» Exercise aim
Below are lines of data; restate word for word those running from the line containing "Another type of" to the line containing "Ava and I just", inclusive, and no others.
____ Extracted information
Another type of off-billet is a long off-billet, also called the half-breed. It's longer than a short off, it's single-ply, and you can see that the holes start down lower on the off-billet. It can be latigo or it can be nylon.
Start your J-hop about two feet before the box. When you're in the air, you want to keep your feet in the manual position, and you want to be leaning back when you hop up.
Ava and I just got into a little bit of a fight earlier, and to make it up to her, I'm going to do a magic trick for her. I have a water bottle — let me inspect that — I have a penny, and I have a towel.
________
____ Extracted information
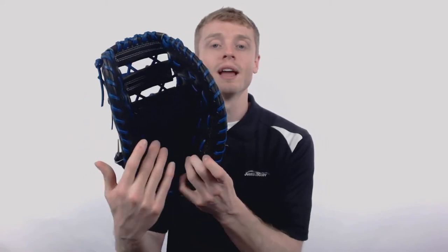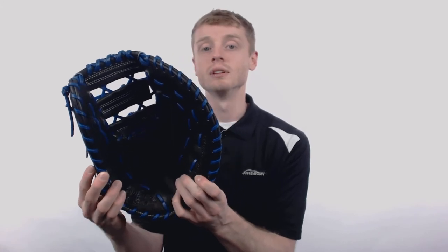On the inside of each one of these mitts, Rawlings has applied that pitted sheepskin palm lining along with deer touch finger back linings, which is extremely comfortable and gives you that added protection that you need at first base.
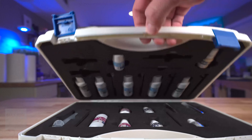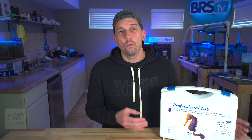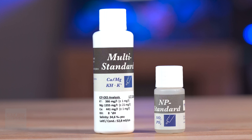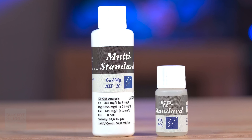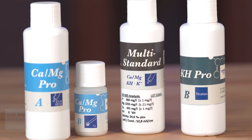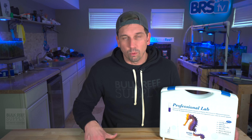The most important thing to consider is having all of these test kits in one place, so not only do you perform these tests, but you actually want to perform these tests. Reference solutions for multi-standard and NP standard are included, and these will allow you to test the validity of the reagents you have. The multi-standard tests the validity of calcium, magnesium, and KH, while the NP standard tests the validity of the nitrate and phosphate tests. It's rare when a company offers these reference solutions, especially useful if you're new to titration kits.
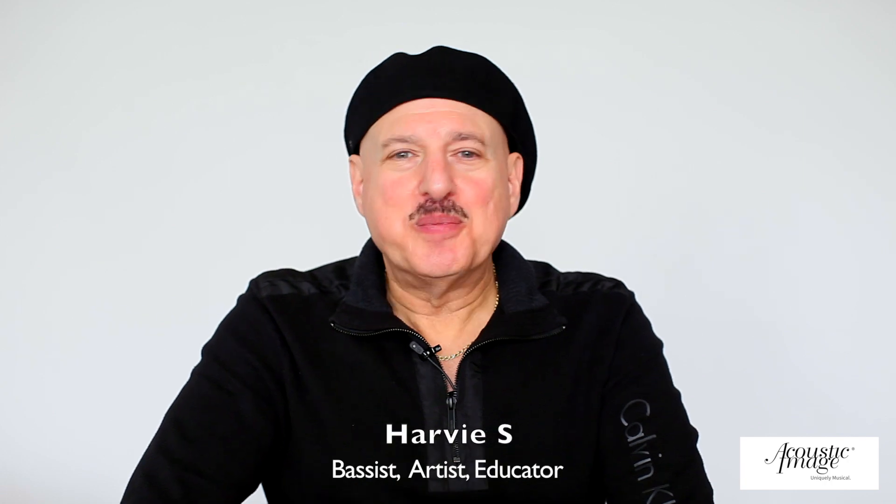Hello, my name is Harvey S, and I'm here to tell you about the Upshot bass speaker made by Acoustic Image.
________
____ Extracted information
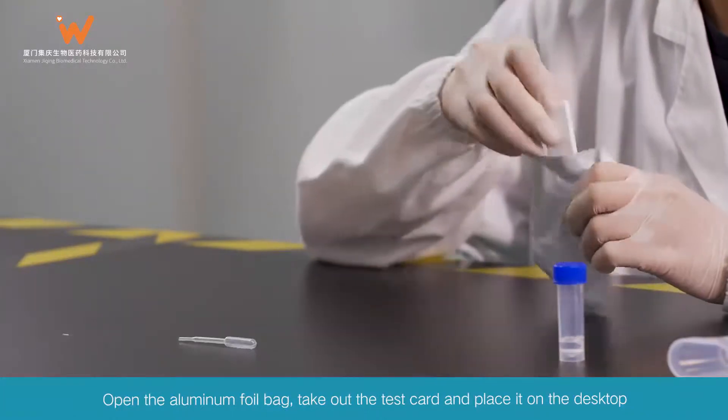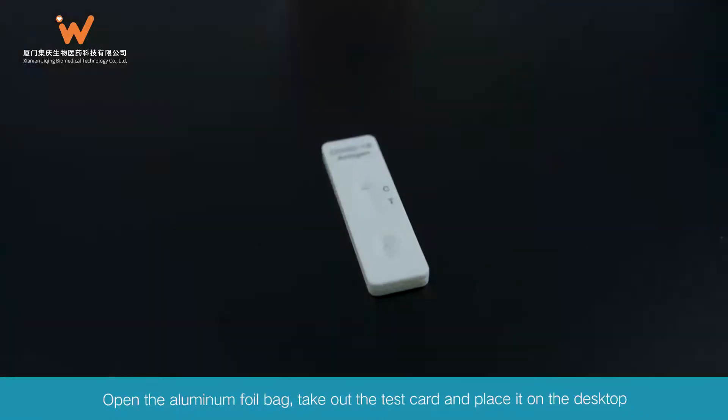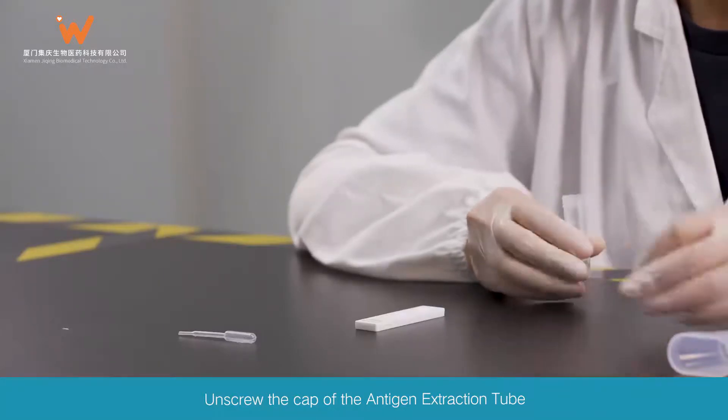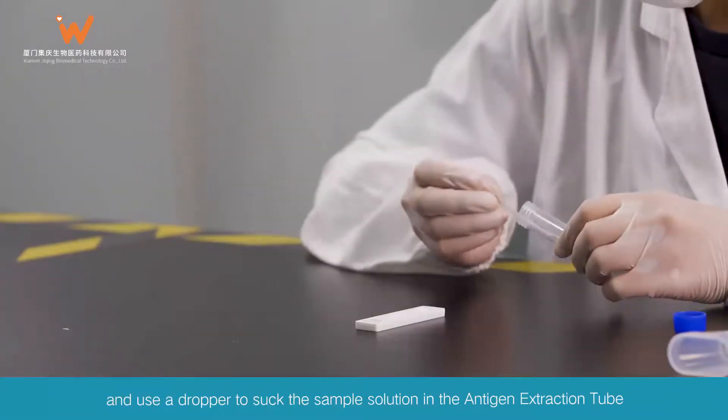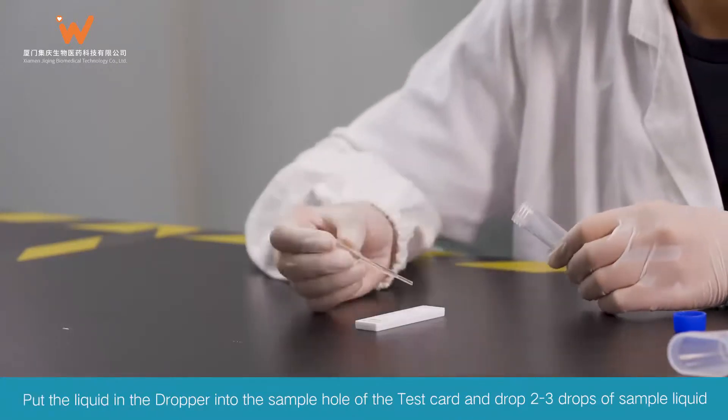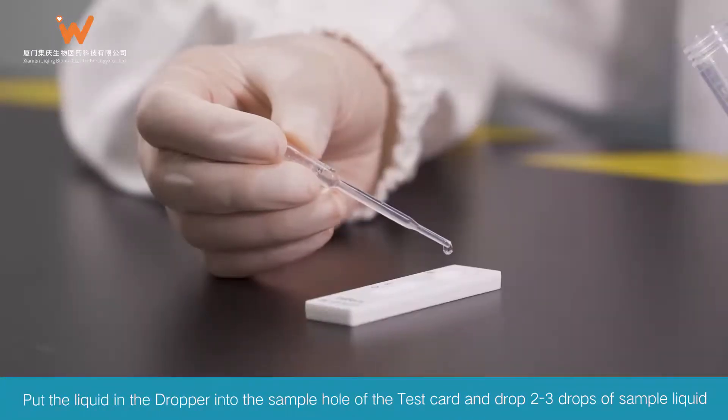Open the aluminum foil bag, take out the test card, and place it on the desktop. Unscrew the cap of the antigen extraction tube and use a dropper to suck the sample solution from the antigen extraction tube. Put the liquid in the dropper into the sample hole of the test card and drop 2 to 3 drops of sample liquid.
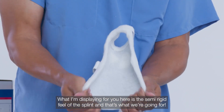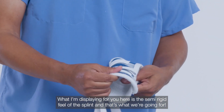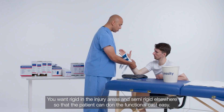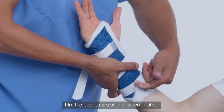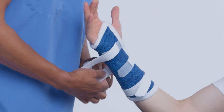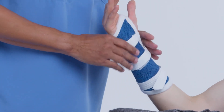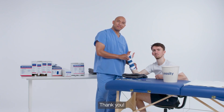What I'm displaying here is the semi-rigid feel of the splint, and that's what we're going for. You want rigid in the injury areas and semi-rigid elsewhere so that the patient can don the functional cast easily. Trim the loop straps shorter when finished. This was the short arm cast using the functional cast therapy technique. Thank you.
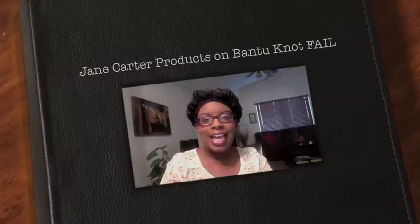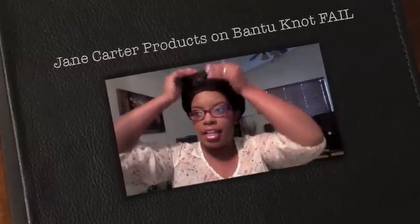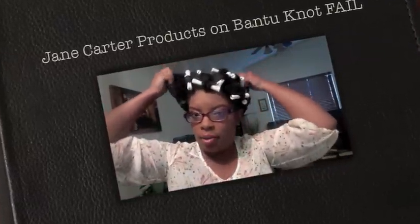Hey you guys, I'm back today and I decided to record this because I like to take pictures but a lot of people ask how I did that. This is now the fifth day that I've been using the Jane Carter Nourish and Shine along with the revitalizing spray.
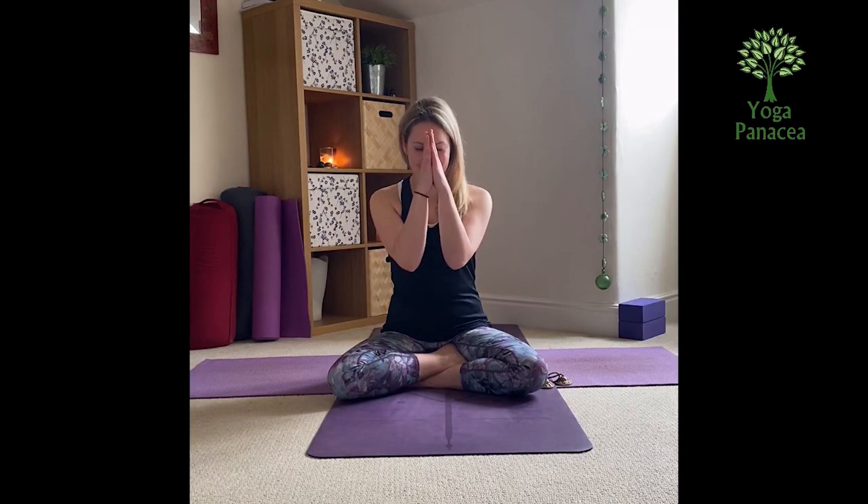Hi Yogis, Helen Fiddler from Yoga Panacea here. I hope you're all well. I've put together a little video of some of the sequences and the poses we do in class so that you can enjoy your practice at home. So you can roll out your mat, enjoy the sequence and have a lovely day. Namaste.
________
» Worked solution
Another type of off-billet is a long off-billet, also called the half-breed. It's longer than a short off, it's single-ply, and you can see that the holes start down lower on the off-billet. It can be latigo or it can be nylon.
Start your J-hop about two feet before the box. When you're in the air, you want to keep your feet in the manual position, and you want to be leaning back when you hop up.
Ava and I just got into a little bit of a fight earlier, and to make it up to her, I'm going to do a magic trick for her. I have a water bottle — let me inspect that — I have a penny, and I have a towel.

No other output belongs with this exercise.